Fight Against Crime Spokesperson Jay Jay Idel said he finds it “quite something” that the premier leans on his experience in government, “when, during that same time, more than 400 people were killed this year in just the top 30 stations in the very province he leads”.
“Experience means nothing if the outcomes on the ground look like this.
“Calling for the SANDF isn’t rocket science. People are being murdered every weekend in numbers…it’s so predictable it feels scheduled. The SAPS and the City simply don’t have the manpower to fight gang violence while also handling GBV, femicide, rape, hijackings, robberies and everything else.
“Entire stations are regularly emptied because every member is stuck managing multiple crime scenes. SANDF stabilises the chaos fast, so proper policing and community plans can actually function,” Idel said.
“At this point, it sounds like the premier is effectively admitting he doesn’t have an answer for gang violence on the Cape Flats.”
Elsies River CPF chairperson Marius Fourie said: “Deployment of the military on the Cape Flats is a very serious move, and all role players will need to be on board for this. The military does not have the training to be a police force; however, they do have the skills to be a peacekeeper. They can be deployed at many hotspots and even smash and grabbing spots. They are there and should be utilised.

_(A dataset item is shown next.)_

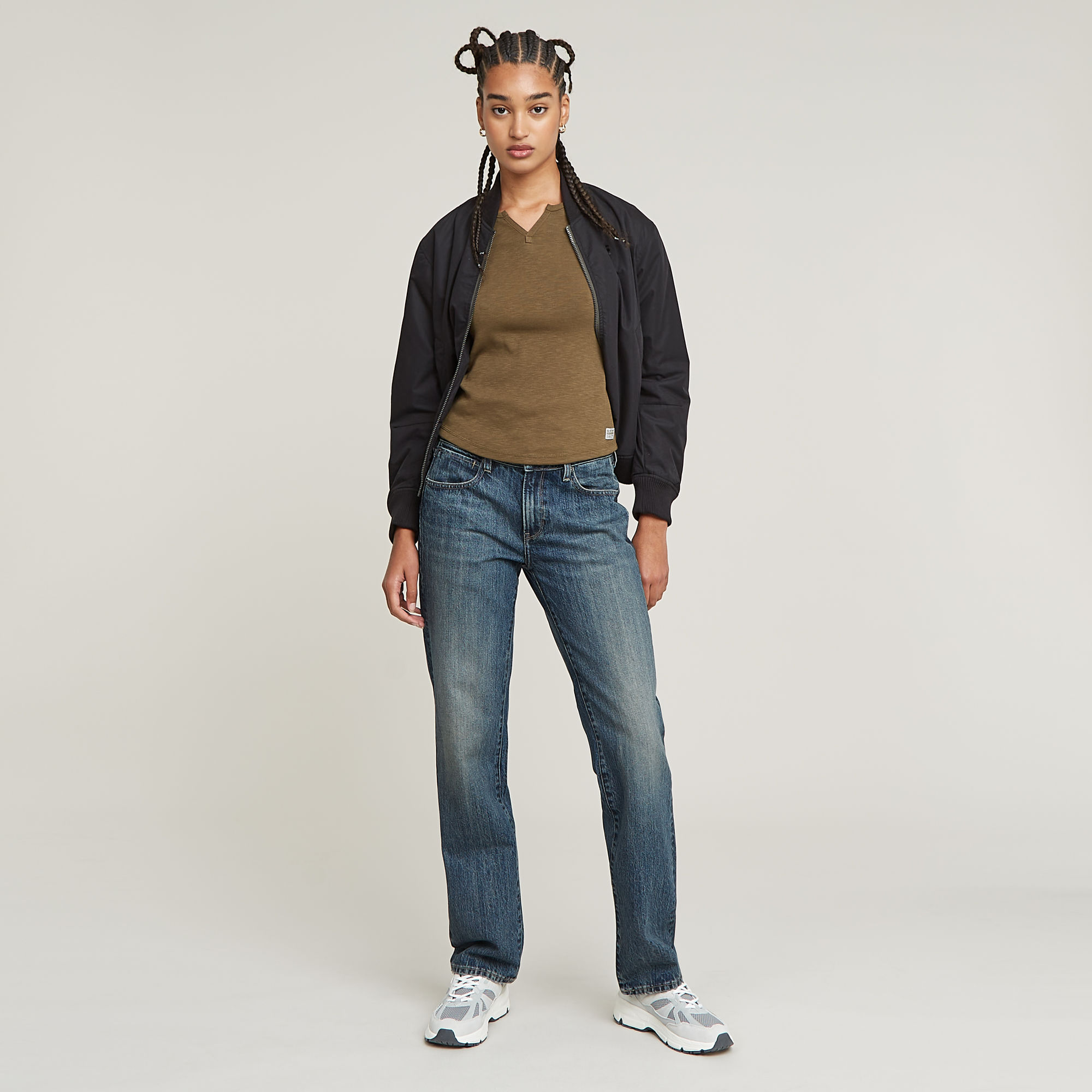 G-Star RAW Micro Placket Slim Top Groen Dames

“These gangsters are not using hands, but military grade weapons to attack our community.
“On a recent WhatsApp poll in Elsies River, the community overwhelmingly voted to deploy the military. Whilst it is a very controversial question, it is what the community is asking for,” Fourie said.
Mitchell’s Plain Community Policing Forum (CPF) Public Relations Officer, Linda Jones, said accused Winde of not having a ‘clear answer to our problem and no political will to eradicate crime in the Western Cape’.

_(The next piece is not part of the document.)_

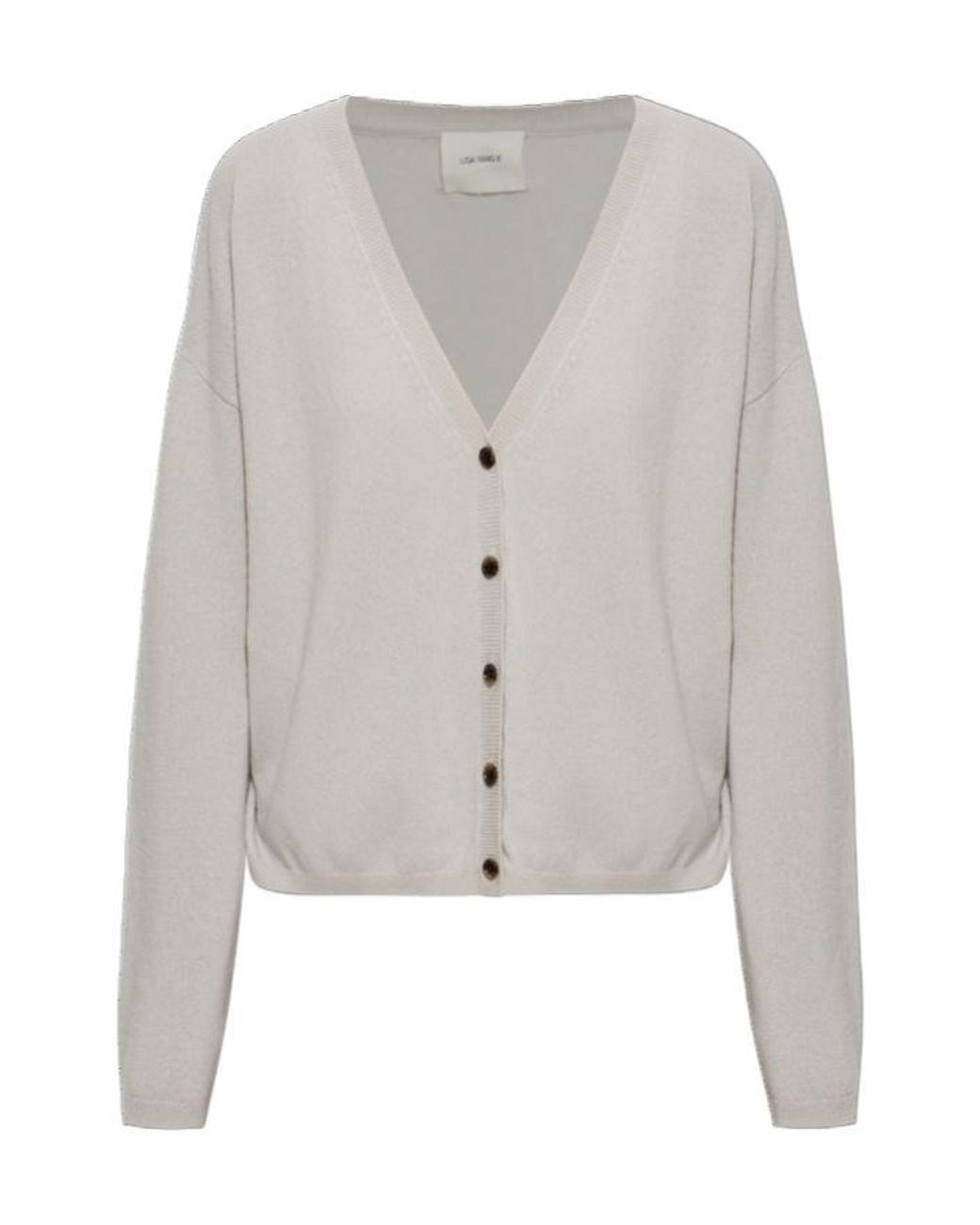 Lisa Yang Gray Abby V-Neck Cardigan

“They must just admit they have no real solution to the problem. They are unable to solve it. Why? Because nothing for us without us. They have, over the years, proven they are just good at coming out to us, having talk shops and going away, and it is business as usual once they get our vote.

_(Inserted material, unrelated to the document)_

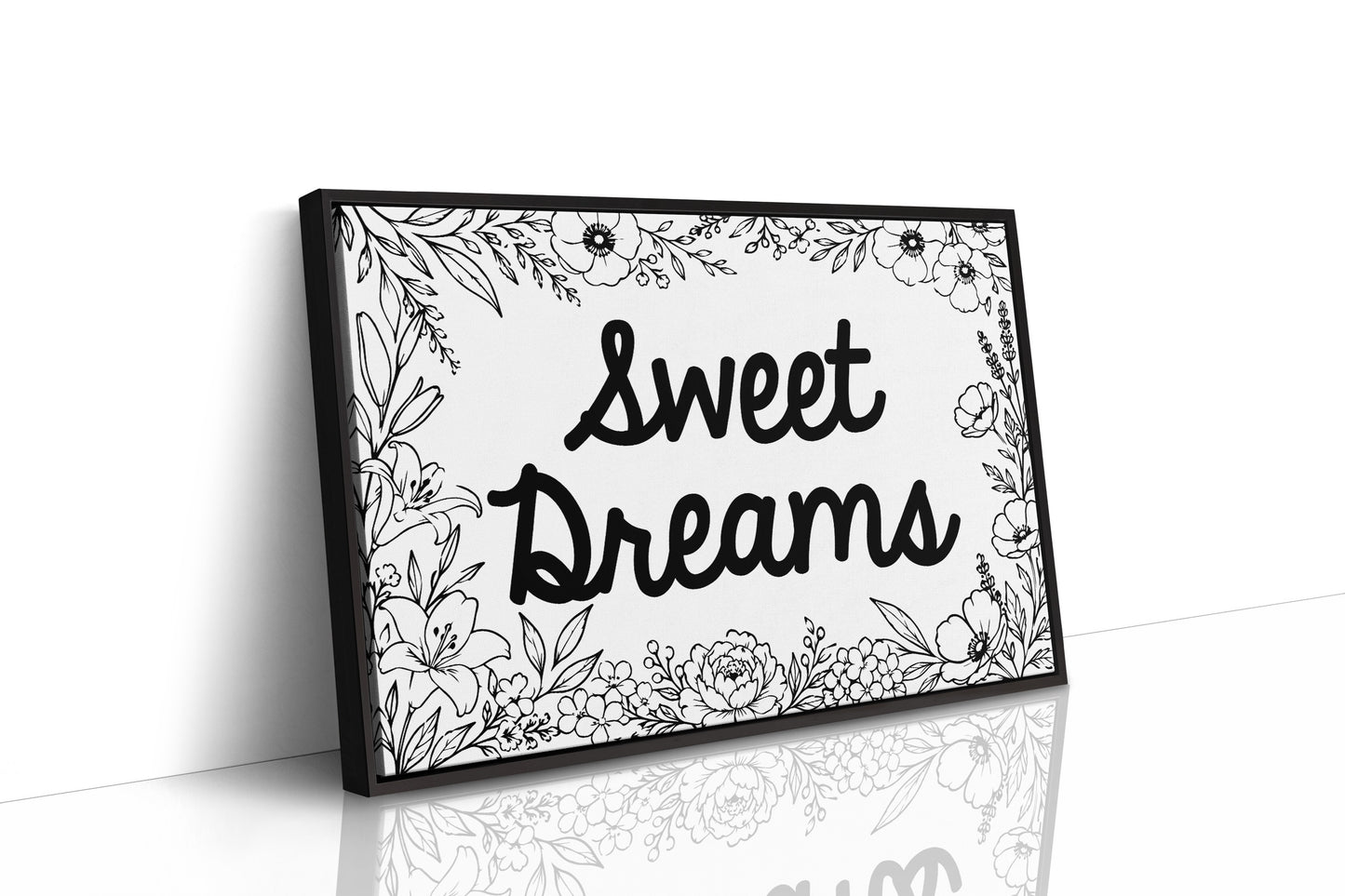 Sweet Dreams Botanical Line Art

“We are fed up with being seen as the easy targets. Our children are killed, and we can’t enjoy freedom. We are worse off than the inmates in prisons,” Jones said.
GOOD Secretary-General Brett Herron said, given the war zone that the people on the Cape Flats are living in, it is unsurprising that there is a call for the presence of the military again.
“However, many residents will remember that the army’s presence did not result in any substantial reduction in gang-related violence. Many residents told me directly that the gangs were not intimidated by the army’s presence and that some even took shots at the army.
“It is important to understand the call for the symbol of a force of power because communities are living with fear and desperation. But the army is not trained in crime prevention. They are trained for military combat,” Herron said.
“What we need urgently is a functional and clean police service trusted by the communities they are appointed to serve… The army won’t fix the root causes of this gang violence.”